**What is required**
Please transcribe only the lines from the one holding "Une Bouteille château" through the final line of the data, both included, with no pictures.

(Data items)

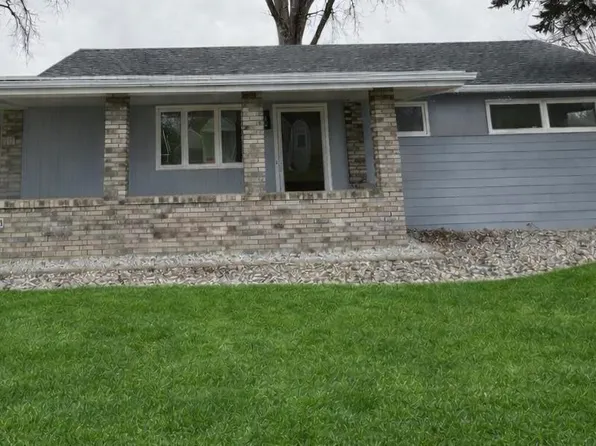 403 Victoria Ct, Sioux City, IA 51104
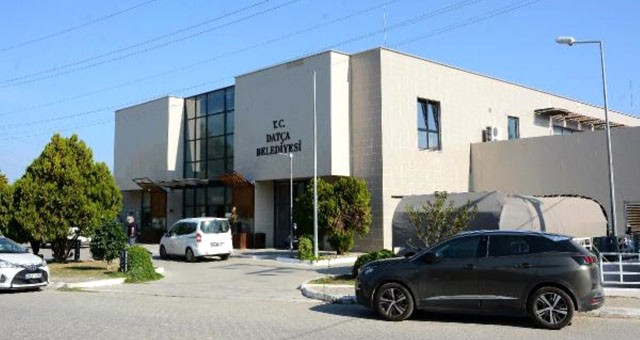 Muhtelif cadde ve sokaklarda beton parke taşı ve beton bordür işleri yaptırılacak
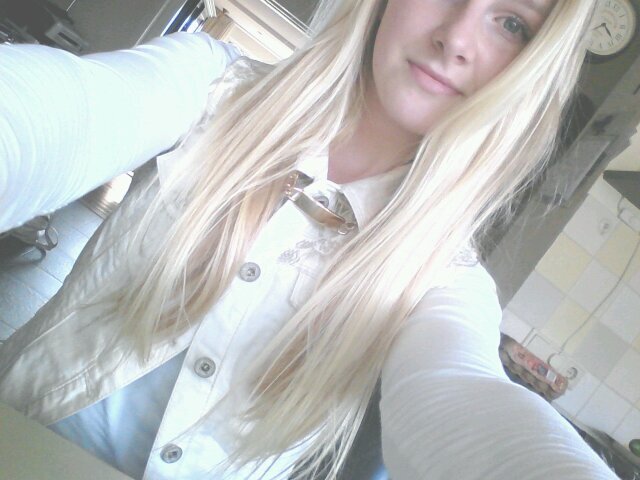 ~ 14 ~ blond ~ 3M4 ~ vv Wijhmen B2G ~ ♡ friends and family ~ insta:caitlinschutte ~ snap:caitlinschutte ~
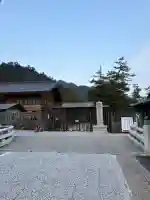 出雲大社の{uncategorized: "未分類", other: "その他", undefined: "問題あり", building: "その他建物", grave: "お墓", sacred_gate: "鳥居", guardian: "狛犬", statue: "像", buddha: "仏像", history: "歴史", nature: "自然", garden: "庭園", animal: "動物", pagoda: "塔", temizu: "手水舎", mountain_gate: "山門・神門", sanctuary: "本殿・本堂", subordinate: "末社・摂社", art: "芸術", scenery: "景色", jizo: "地蔵", ema: "絵馬", goshuin: "御朱印", omikuji: "おみくじ", items: "授与品その他", amulet: "お守り", goshuincho: "御朱印帳", eats: "食事", festival: "お祭り", votive_dance: "神楽", shichigosan: "七五三参", wedding: "結婚式", experience: "体験その他", initially: "初詣", around: "周辺", anti_infection: "感染症対策"}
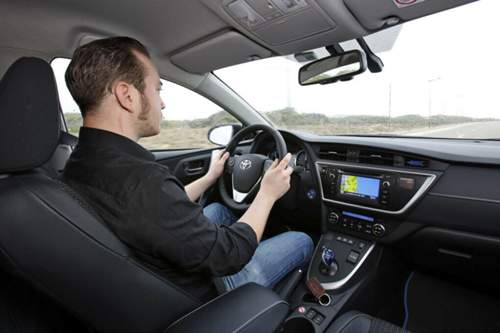 Wer den Hybrid fährt, muss keine Abstriche machen. Auch nicht bei der Fahrdynamik.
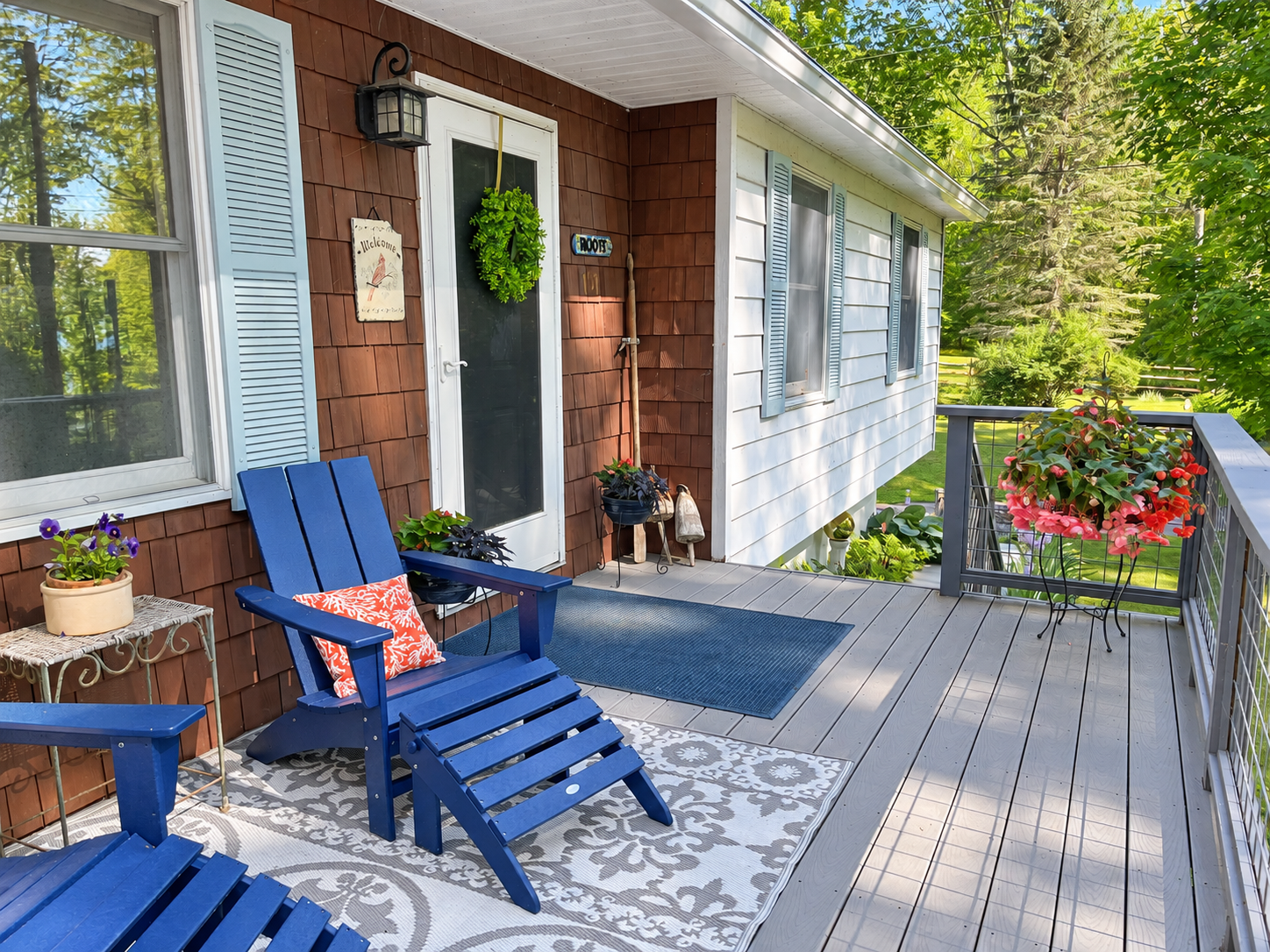 Front deck seating.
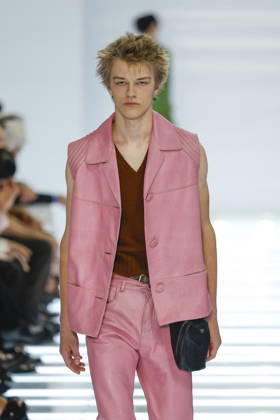 Runway at the Prada fashion show during Milan Fashion Week Menswear Spring Summer 2027 on June 21, 2026, in Milan, Italy Bestimage Milan France,detected_source_language  Copyright: xAgencex xBestimagexAgencex xBestimagex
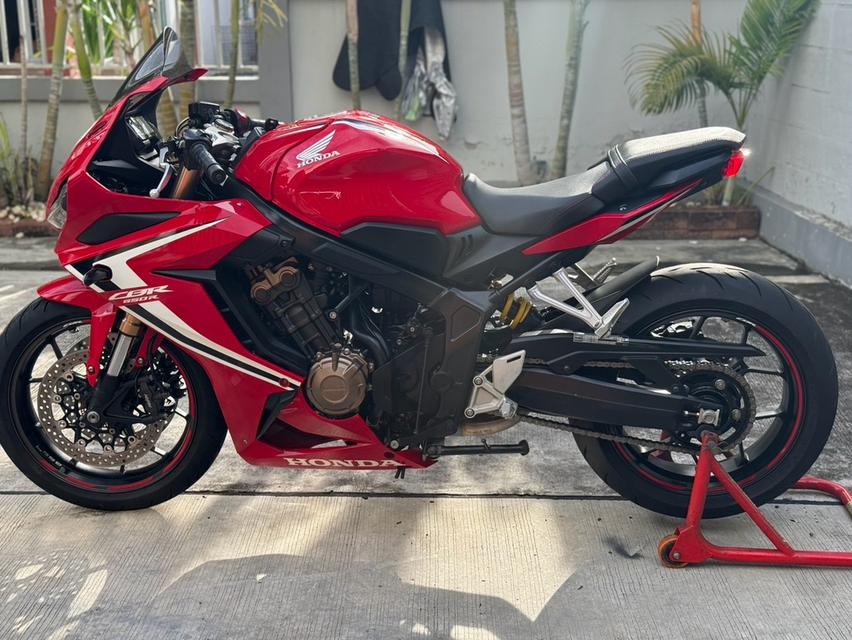 CBR650R ปี2019 ไมล์3พัน รูปที่ 3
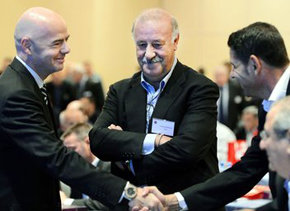 Del Bosque, ovacionado por los seleccionadores europeos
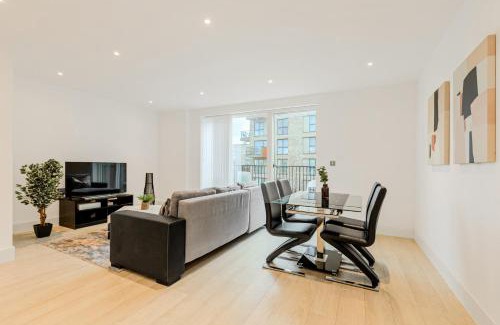 Park Royal Apartment | Absolutely Stunning 1BR flat, 20 min to the Centre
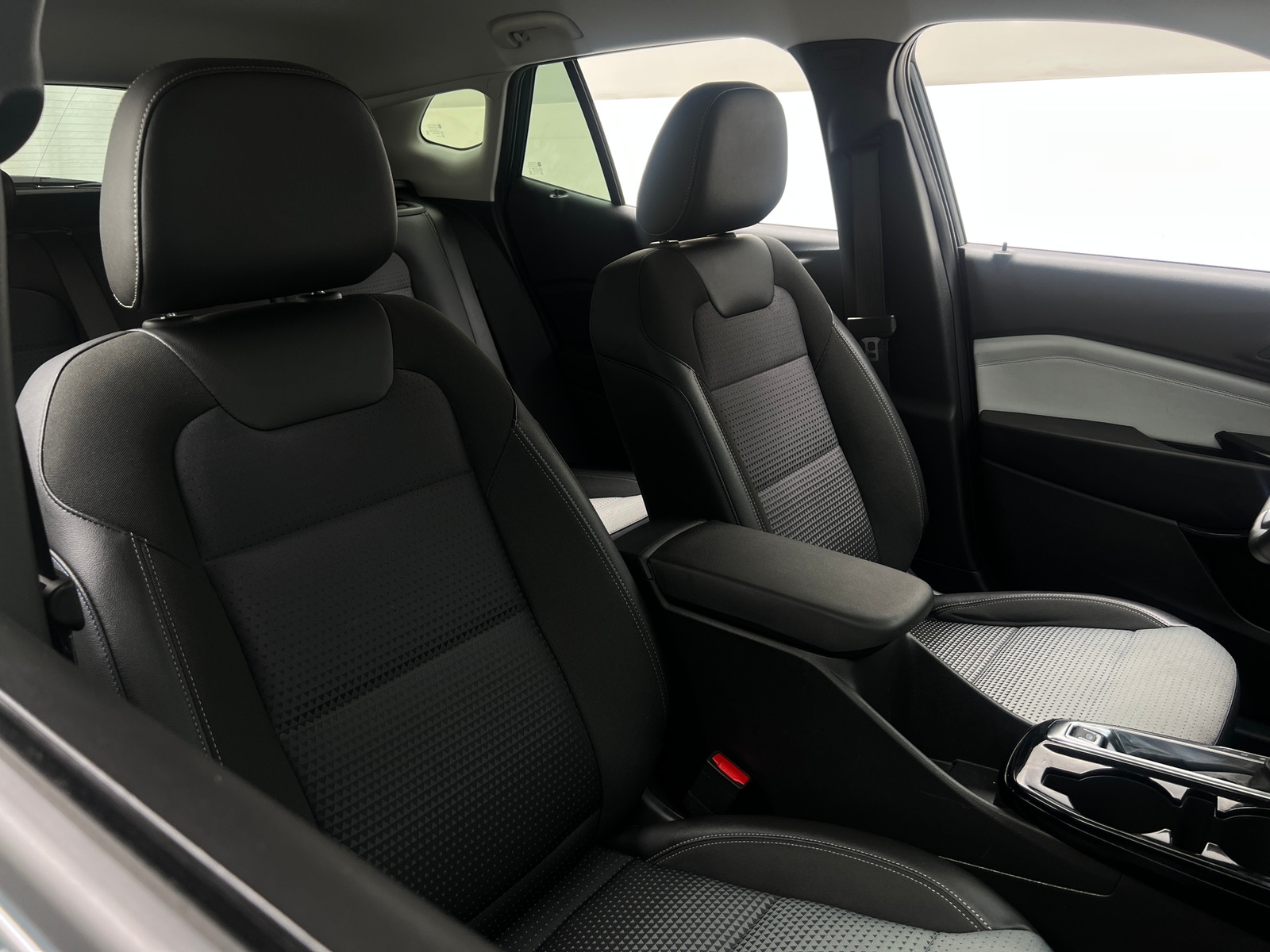 Thumbnail: 2025 Chevrolet Trax - 2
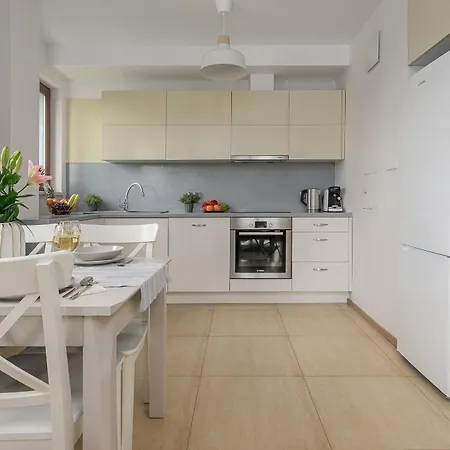 Lumina 2br With Parking, Balcony And Ac I Center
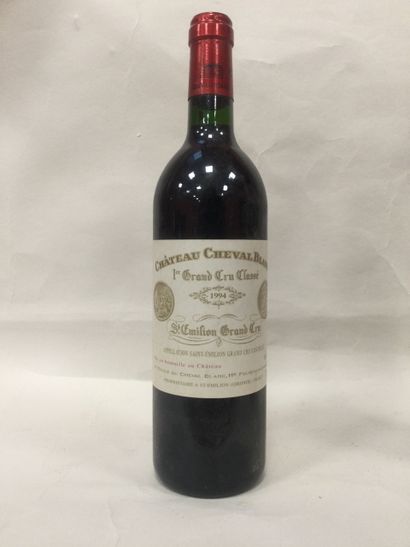 
Une Bouteille château CHEVAL BLANC 1er grand...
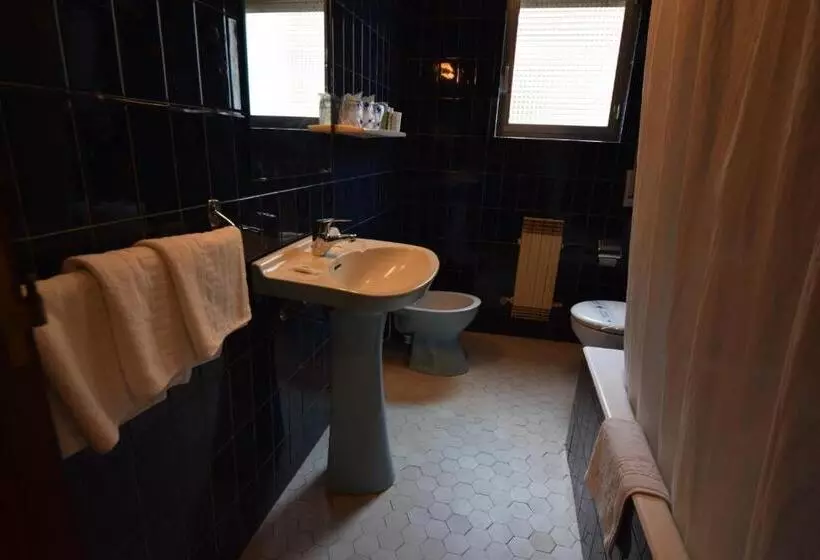 اتاق استاندارد سه نفره, Hostal Blazquez Sanchez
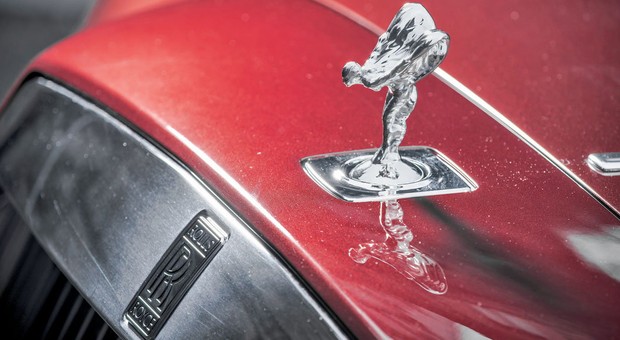 Król Suazi kupił 19 Rolls-Royce'ów swoim... żonom i matce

**Your response**
Une Bouteille château CHEVAL BLANC 1er grand...
 اتاق استاندارد سه نفره, Hostal Blazquez Sanchez
 Król Suazi kupił 19 Rolls-Royce'ów swoim... żonom i matce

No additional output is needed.